*** DATA FOR REVIEW Section Begins ***
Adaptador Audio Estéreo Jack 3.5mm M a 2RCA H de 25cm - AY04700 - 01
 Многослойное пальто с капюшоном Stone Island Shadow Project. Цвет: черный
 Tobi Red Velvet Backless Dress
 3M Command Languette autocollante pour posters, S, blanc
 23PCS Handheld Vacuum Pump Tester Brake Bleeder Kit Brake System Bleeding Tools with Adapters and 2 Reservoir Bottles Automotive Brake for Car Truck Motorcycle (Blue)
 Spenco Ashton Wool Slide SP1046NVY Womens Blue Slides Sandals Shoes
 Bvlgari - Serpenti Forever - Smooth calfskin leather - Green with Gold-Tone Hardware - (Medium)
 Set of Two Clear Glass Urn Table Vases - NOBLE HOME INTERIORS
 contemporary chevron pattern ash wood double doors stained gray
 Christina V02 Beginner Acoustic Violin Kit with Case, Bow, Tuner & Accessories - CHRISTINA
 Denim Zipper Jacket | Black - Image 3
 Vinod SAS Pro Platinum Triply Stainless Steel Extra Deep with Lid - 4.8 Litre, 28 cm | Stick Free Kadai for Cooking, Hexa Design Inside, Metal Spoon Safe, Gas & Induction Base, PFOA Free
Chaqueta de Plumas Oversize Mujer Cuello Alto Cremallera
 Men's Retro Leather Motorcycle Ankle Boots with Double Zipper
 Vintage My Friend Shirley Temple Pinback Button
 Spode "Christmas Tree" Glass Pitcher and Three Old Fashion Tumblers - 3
*** DATA FOR REVIEW Section Ends ***
Word for word, give back all the lines above.

RESPONSE TO THE TASK
Adaptador Audio Estéreo Jack 3.5mm M a 2RCA H de 25cm - AY04700 - 01
 Многослойное пальто с капюшоном Stone Island Shadow Project. Цвет: черный
 Tobi Red Velvet Backless Dress
 3M Command Languette autocollante pour posters, S, blanc
 23PCS Handheld Vacuum Pump Tester Brake Bleeder Kit Brake System Bleeding Tools with Adapters and 2 Reservoir Bottles Automotive Brake for Car Truck Motorcycle (Blue)
 Spenco Ashton Wool Slide SP1046NVY Womens Blue Slides Sandals Shoes
 Bvlgari - Serpenti Forever - Smooth calfskin leather - Green with Gold-Tone Hardware - (Medium)
 Set of Two Clear Glass Urn Table Vases - NOBLE HOME INTERIORS
 contemporary chevron pattern ash wood double doors stained gray
 Christina V02 Beginner Acoustic Violin Kit with Case, Bow, Tuner & Accessories - CHRISTINA
 Denim Zipper Jacket | Black - Image 3
 Vinod SAS Pro Platinum Triply Stainless Steel Extra Deep with Lid - 4.8 Litre, 28 cm | Stick Free Kadai for Cooking, Hexa Design Inside, Metal Spoon Safe, Gas & Induction Base, PFOA Free
Chaqueta de Plumas Oversize Mujer Cuello Alto Cremallera
 Men's Retro Leather Motorcycle Ankle Boots with Double Zipper
 Vintage My Friend Shirley Temple Pinback Button
 Spode "Christmas Tree" Glass Pitcher and Three Old Fashion Tumblers - 3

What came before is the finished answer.